▶ REQUIREMENT
Would you please return the lines of the entries below starting at the line that has "У Браїлівському монастирі" and ending at the line that has "PINK ACTIVE: blue ombré leggings", both included, exactly as they are?

[[ THE RECORDS, beginning ]]

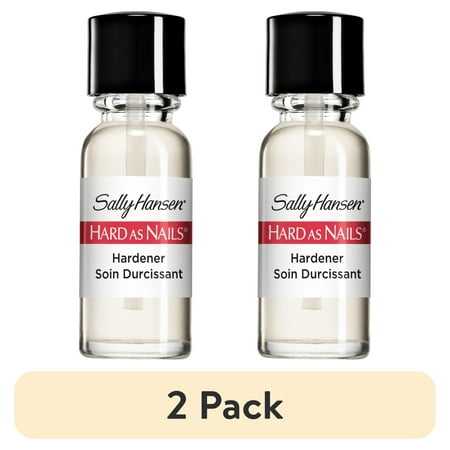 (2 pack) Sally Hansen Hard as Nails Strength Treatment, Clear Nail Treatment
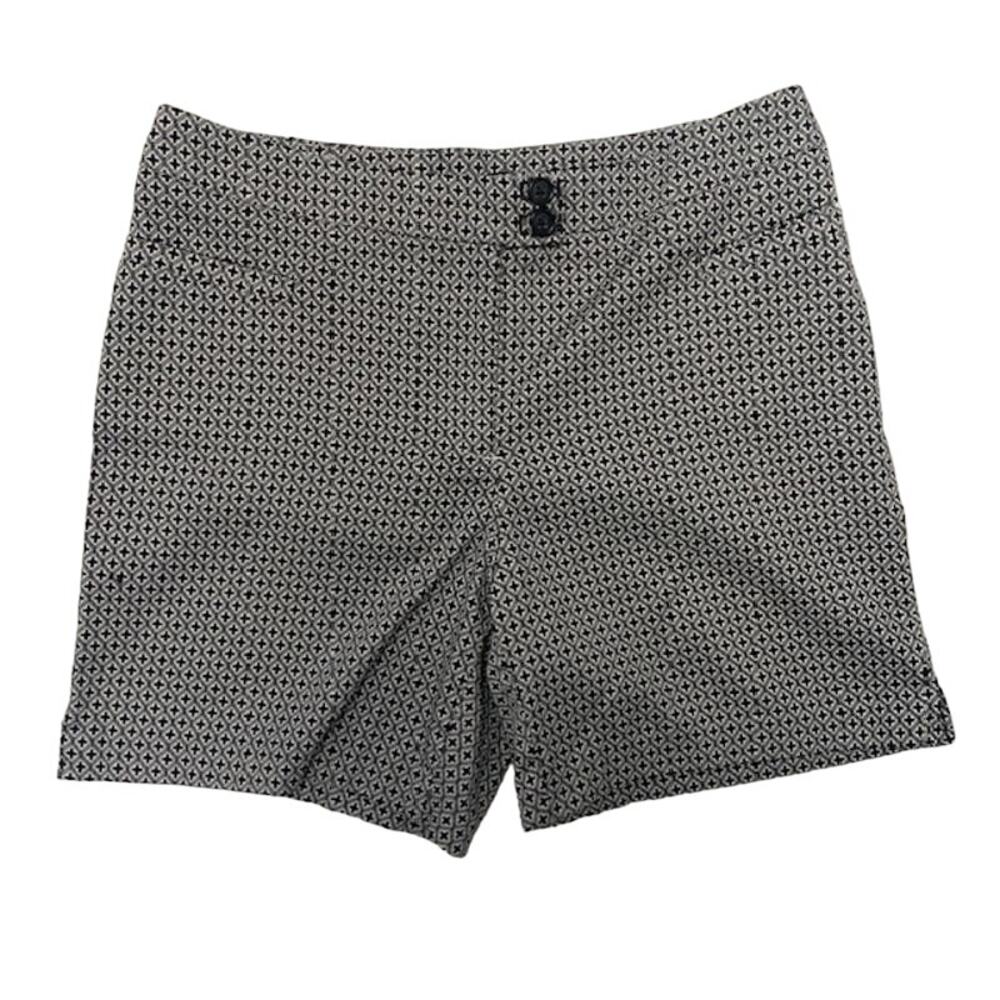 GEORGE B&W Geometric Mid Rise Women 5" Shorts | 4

[[ THE RECORDS, end ]]
[[ THE RECORDS, beginning ]]

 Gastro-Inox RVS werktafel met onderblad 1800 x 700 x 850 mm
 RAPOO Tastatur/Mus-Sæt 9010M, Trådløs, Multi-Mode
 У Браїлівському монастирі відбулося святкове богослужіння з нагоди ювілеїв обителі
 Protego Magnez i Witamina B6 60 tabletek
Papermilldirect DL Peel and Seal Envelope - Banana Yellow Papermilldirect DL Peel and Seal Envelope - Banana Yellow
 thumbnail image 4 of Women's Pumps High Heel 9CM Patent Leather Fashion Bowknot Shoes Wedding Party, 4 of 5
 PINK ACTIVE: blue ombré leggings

[[ THE RECORDS, end ]]
[[ THE RECORDS, beginning ]]

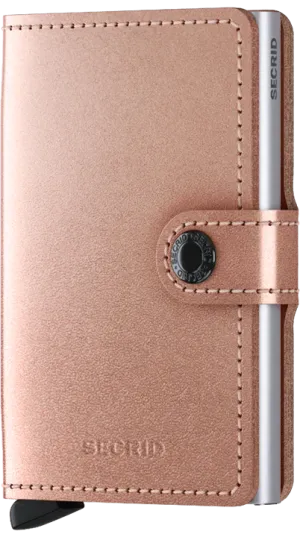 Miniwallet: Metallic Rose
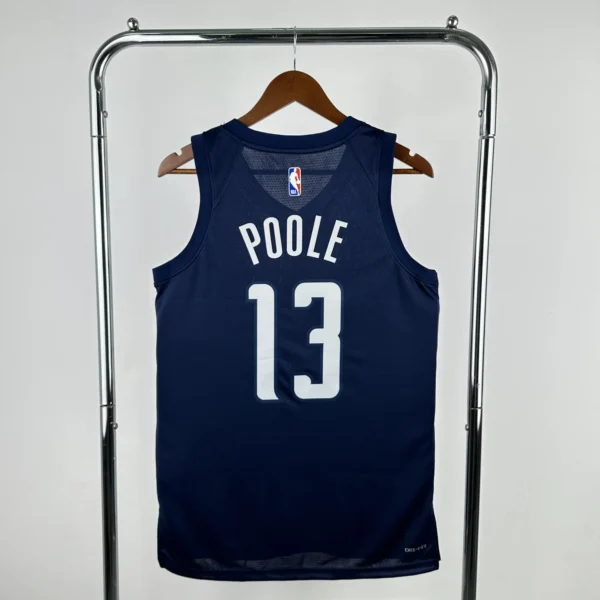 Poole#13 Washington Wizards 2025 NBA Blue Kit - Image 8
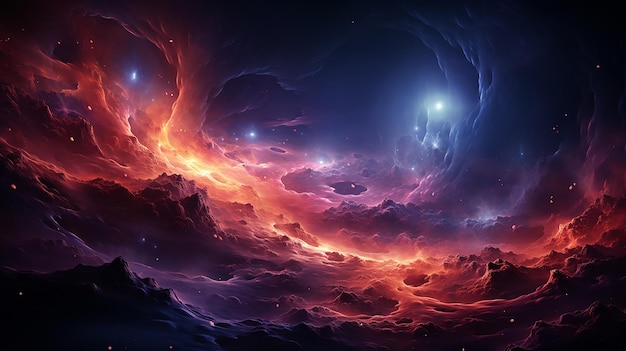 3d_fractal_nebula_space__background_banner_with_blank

[[ THE RECORDS, end ]]

▶ RESULT FOR THIS TASK
 У Браїлівському монастирі відбулося святкове богослужіння з нагоди ювілеїв обителі
 Protego Magnez i Witamina B6 60 tabletek
Papermilldirect DL Peel and Seal Envelope - Banana Yellow Papermilldirect DL Peel and Seal Envelope - Banana Yellow
 thumbnail image 4 of Women's Pumps High Heel 9CM Patent Leather Fashion Bowknot Shoes Wedding Party, 4 of 5
 PINK ACTIVE: blue ombré leggings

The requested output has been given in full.